TS #1: Curse Cruz for winning the Oscar for Vicky Cristina Barcelona. This is easily her best performance and she steals every single scene she's in. She has the meatiest role of anyone in the film and milks it for all its worth. Think Catherine Zeta Jones in Chicago - Cruz juices this orange down to the pith and drains it of every delicious, sexy drop. "A Call From the Vatican" is probably the single sexiest moment I've ever seen in a filmed musical, even with more clothes on than I expected. The only reason I wouldn't consider her a lock in Supporting Actress is her recent win.
Marion Cotillard is the safest bet for a Supporting Actress nomination. With so much of the music eliminated from the film, Cotillard is the only one to benefit from clear additional screentime. She gets to show the most range in her vocals, from soft and vulnerable to raunchy and wild. It's pure Oscar Bait suffering wife, only with singing and dancing and sexy costumes.
TS#2: The two best performances were definitely Cruz and Cotillard. As a Penélope fanatic, I'd give the edge to her. She KILLS in her musical number and is quite funny and sexy throughout her entire performance. However, her musical sequence is the second in the film and the film forgets about her early on... I wouldn't bet on a nomination.
If anyone gets Oscar-nominated, it's likely to be Marion Cotillard. She has the most sympathetic role, and she pulls it off. Her first musical number is fairly low-key but it's generally moving and she pulls off a great second musical sequence. Ultimately, she's the character you care about and the one people will likely remember.

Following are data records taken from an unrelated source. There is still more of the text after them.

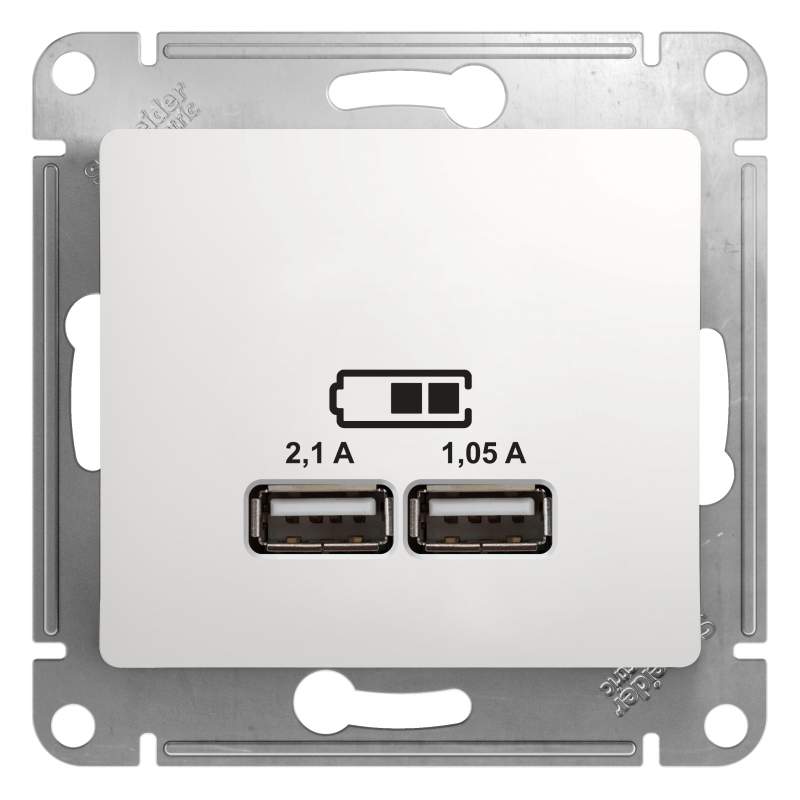 Розетка SE Glossa  Платина  USB  1-м  GSL001233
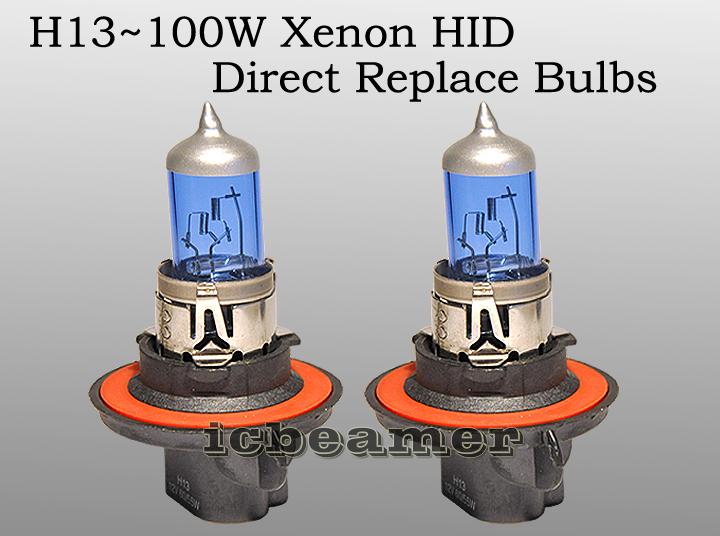 H13/ 9008 100/80w pair high & low beam xenon hid white replacement bulbs am7syl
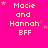 A bright pink background displays repeated yellow text reading "Macie and Hannah BFF" with scattered small orange stars, some of which change position across frames.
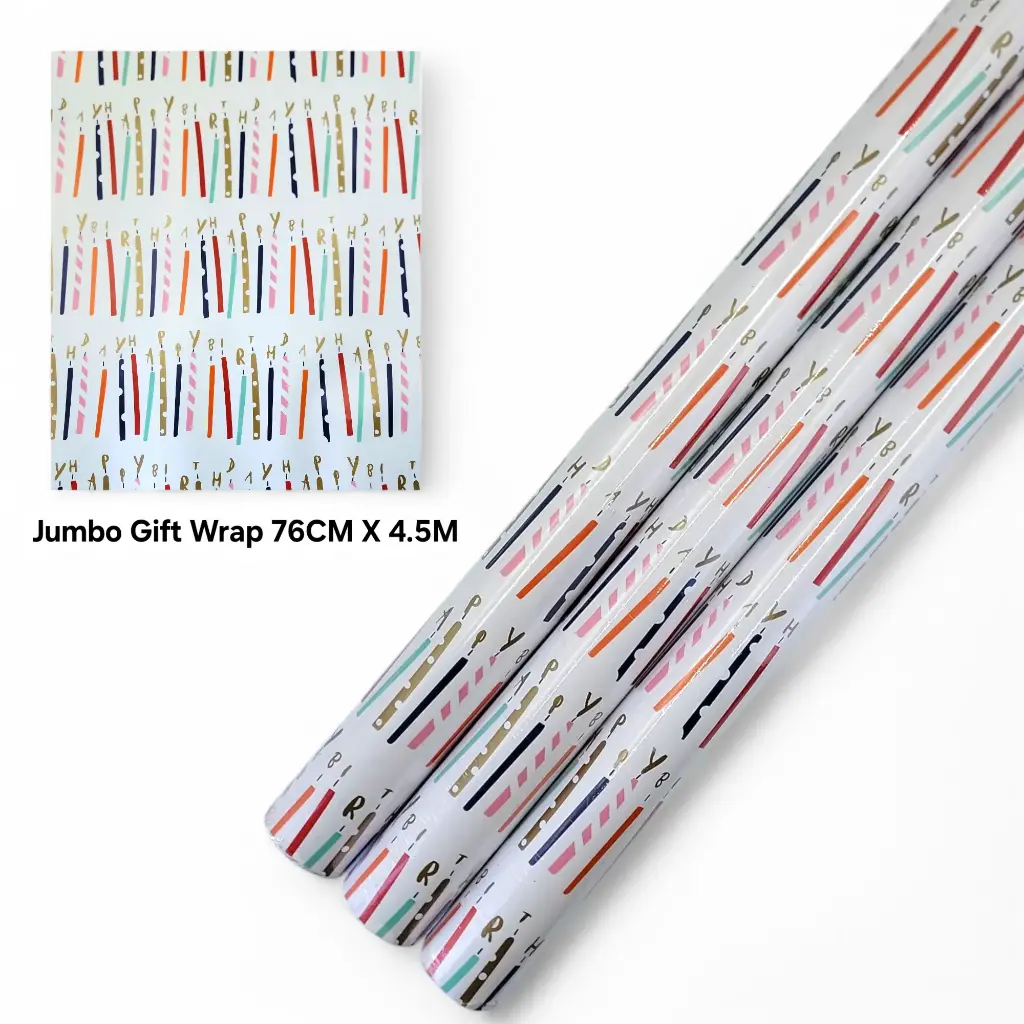 Jumbo Gift Wrapping Paper Birthday Candle 76CM*4.5M (2.49 ft × 14.76 ft)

Neither of them consider the movie an unqualified success though they both obviously enjoyed it. Some final thoughts:
TS #1: Rob Marshall's direction is near-perfection. The difficult integration of fantasy/reality brought on by Guido's crisis is genius. The problems mostly come from the screenplay's adaptation choices. What could be a strong examination of deep emotional issues is whitewashed. For all the sexuality in the movie, the film has been turned into a sanitized version of a very engrossing and original musical eliminating any psychological complexity beyond "my husband doesn't love me" or "I'm very stressed". All the elements are there that a fan of the show would know, just not in a recognizable form. It pulls its cues from the lighter Broadway revival, down to a slightly more optimistic ending in a single staging decision. The screenplay pulls every punch, reducing what could be a knock-out climax to a slap on the wrist.So there you have it. Or two of it. Moviegoing is a personal thing, even when the theater is sold out. Your reaction may well differ and maybe these two voices won't be 'on consensus' but if they are, Oscar will bite in several categories (as most expected) and Marion Cotillard is the one to watch for Oscar... again.
TS#2: I can tell you that it's a very good film that will likely go over very well with the Academy. It's made in the same style as Chicago -- the musical numbers are fantasies -- and I think it works. I don't think it's a GREAT film, but it was entertaining and handsomely made.